_WORK TO COMPLETE_
Shown below is a listing with pictures; reproduce exactly, and only, the lines between the ones containing "A day in the" and "אישה לובשת סט", inclusive, leaving the pictures out.

_STORED DATA_
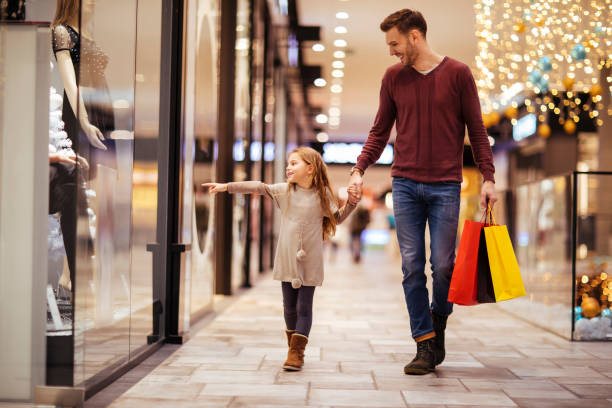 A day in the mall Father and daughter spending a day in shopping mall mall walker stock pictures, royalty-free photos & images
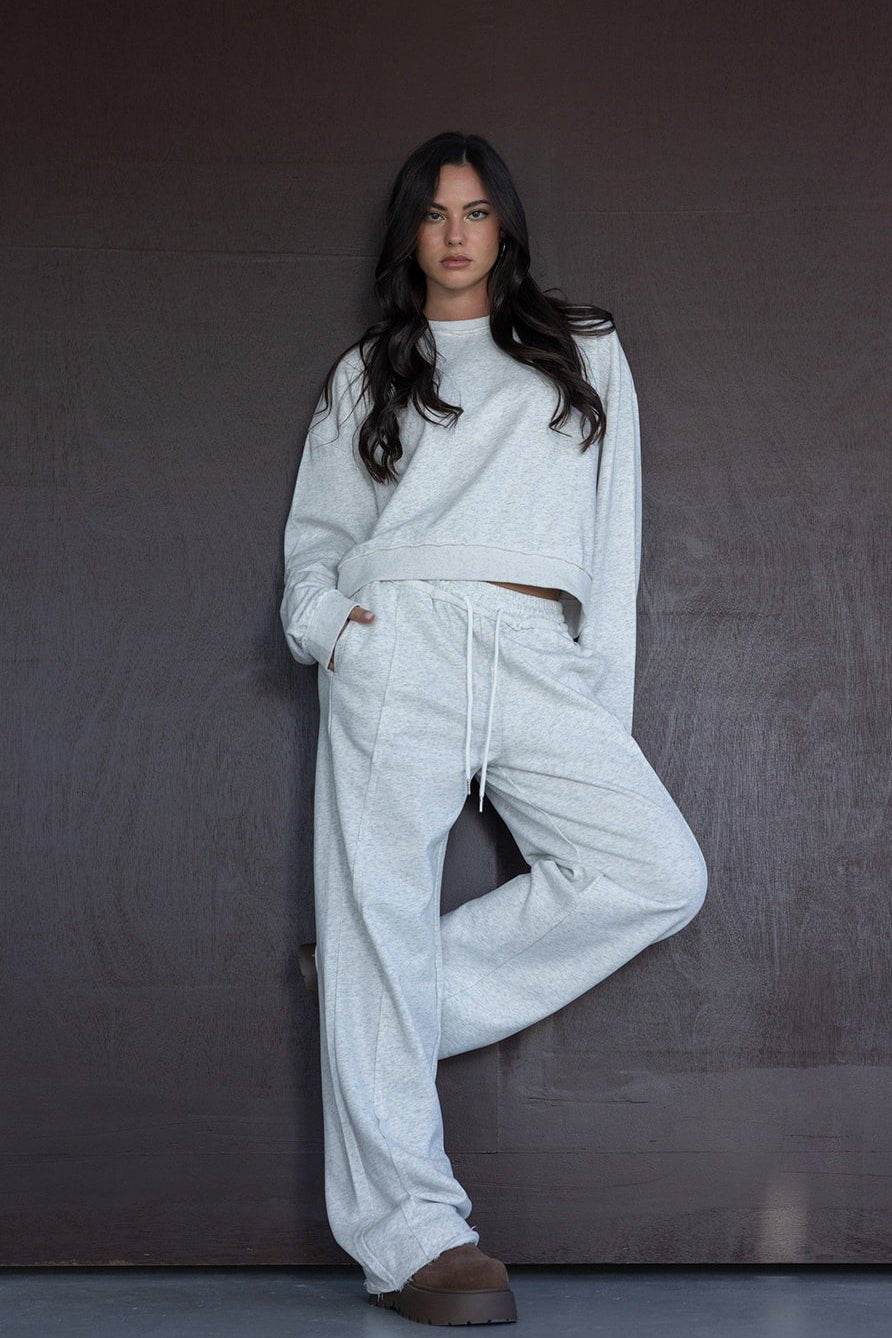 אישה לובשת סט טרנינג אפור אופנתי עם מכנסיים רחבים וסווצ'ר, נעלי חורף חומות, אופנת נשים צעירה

* * *

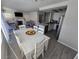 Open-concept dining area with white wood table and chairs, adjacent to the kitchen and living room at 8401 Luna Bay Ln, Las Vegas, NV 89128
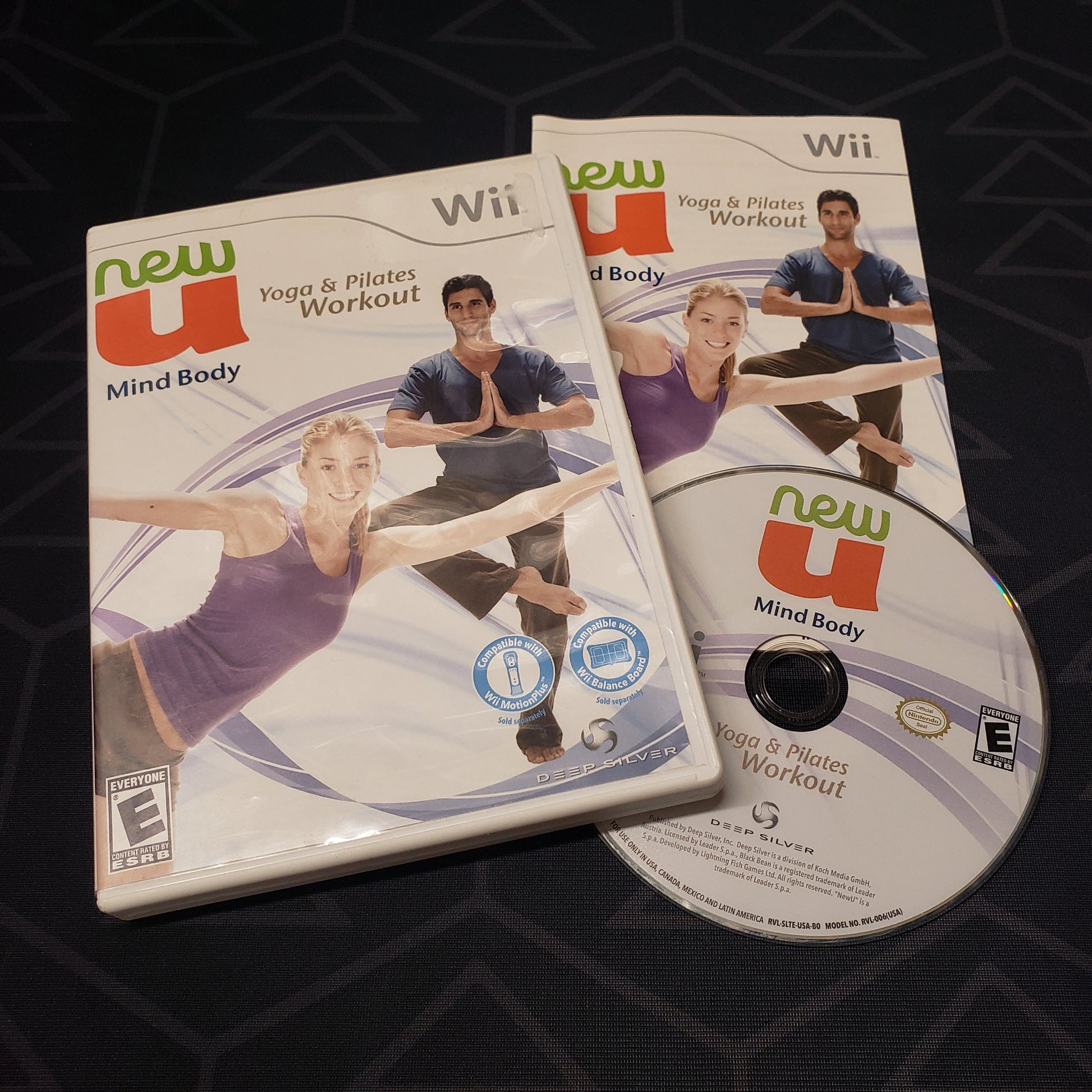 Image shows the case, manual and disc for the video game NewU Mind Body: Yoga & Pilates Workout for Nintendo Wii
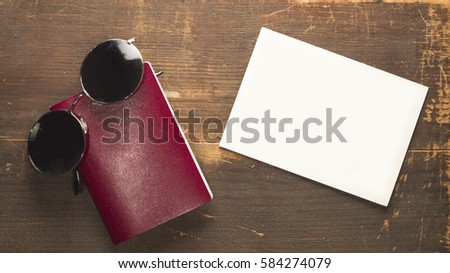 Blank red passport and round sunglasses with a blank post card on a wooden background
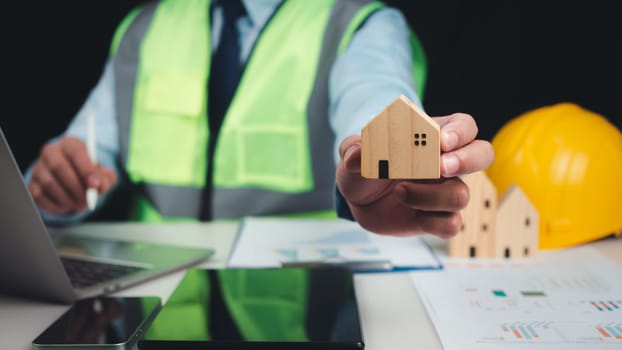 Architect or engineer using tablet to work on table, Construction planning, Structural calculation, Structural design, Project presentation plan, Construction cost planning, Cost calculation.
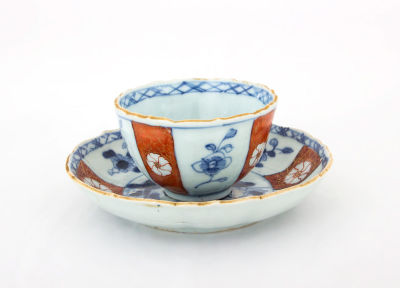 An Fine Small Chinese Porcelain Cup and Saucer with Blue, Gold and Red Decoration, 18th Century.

* * *

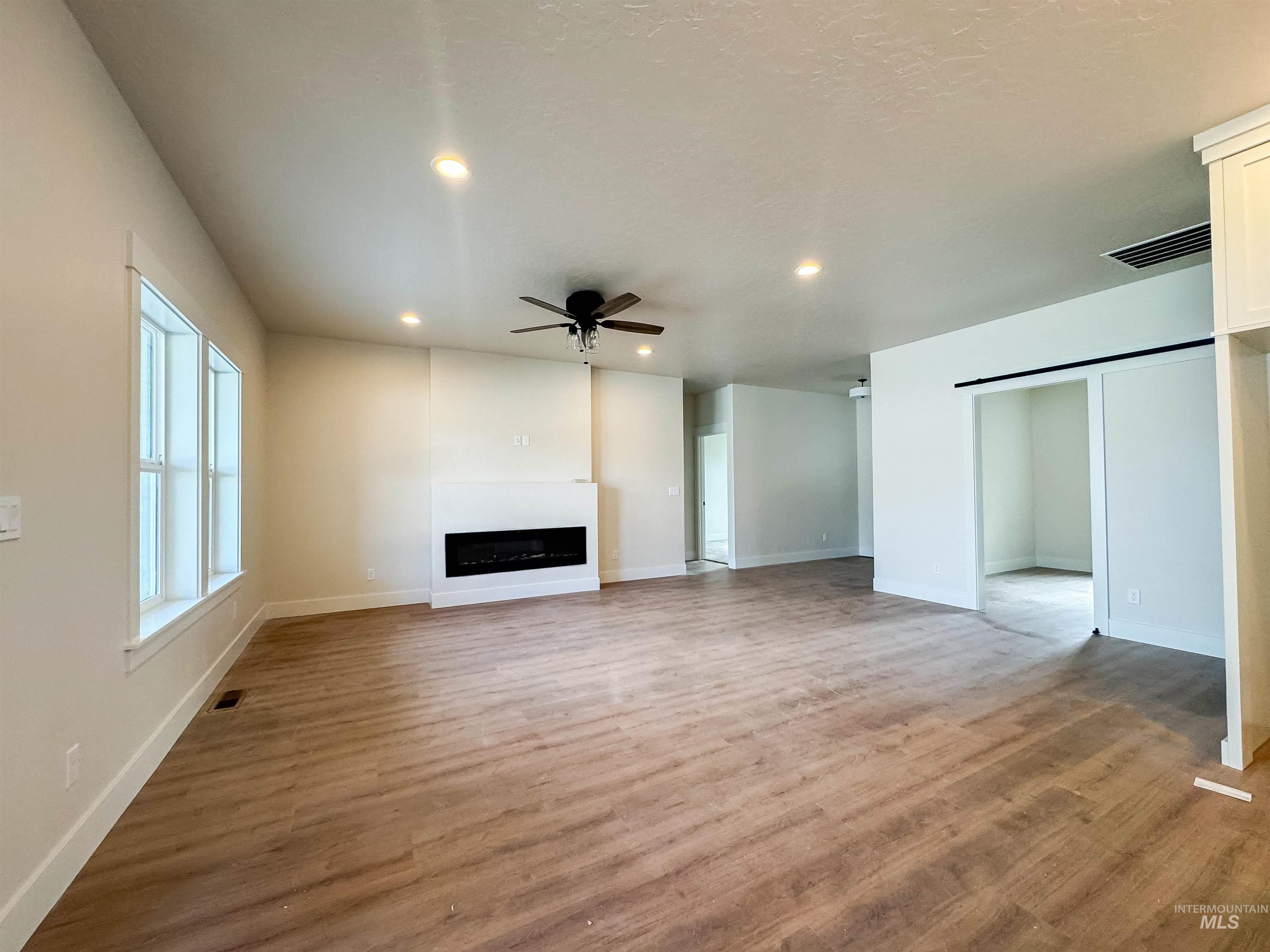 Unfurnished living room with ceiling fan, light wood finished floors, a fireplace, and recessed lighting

_RESULT OF THIS TASK_
 A day in the mall Father and daughter spending a day in shopping mall mall walker stock pictures, royalty-free photos & images
 אישה לובשת סט טרנינג אפור אופנתי עם מכנסיים רחבים וסווצ'ר, נעלי חורף חומות, אופנת נשים צעירה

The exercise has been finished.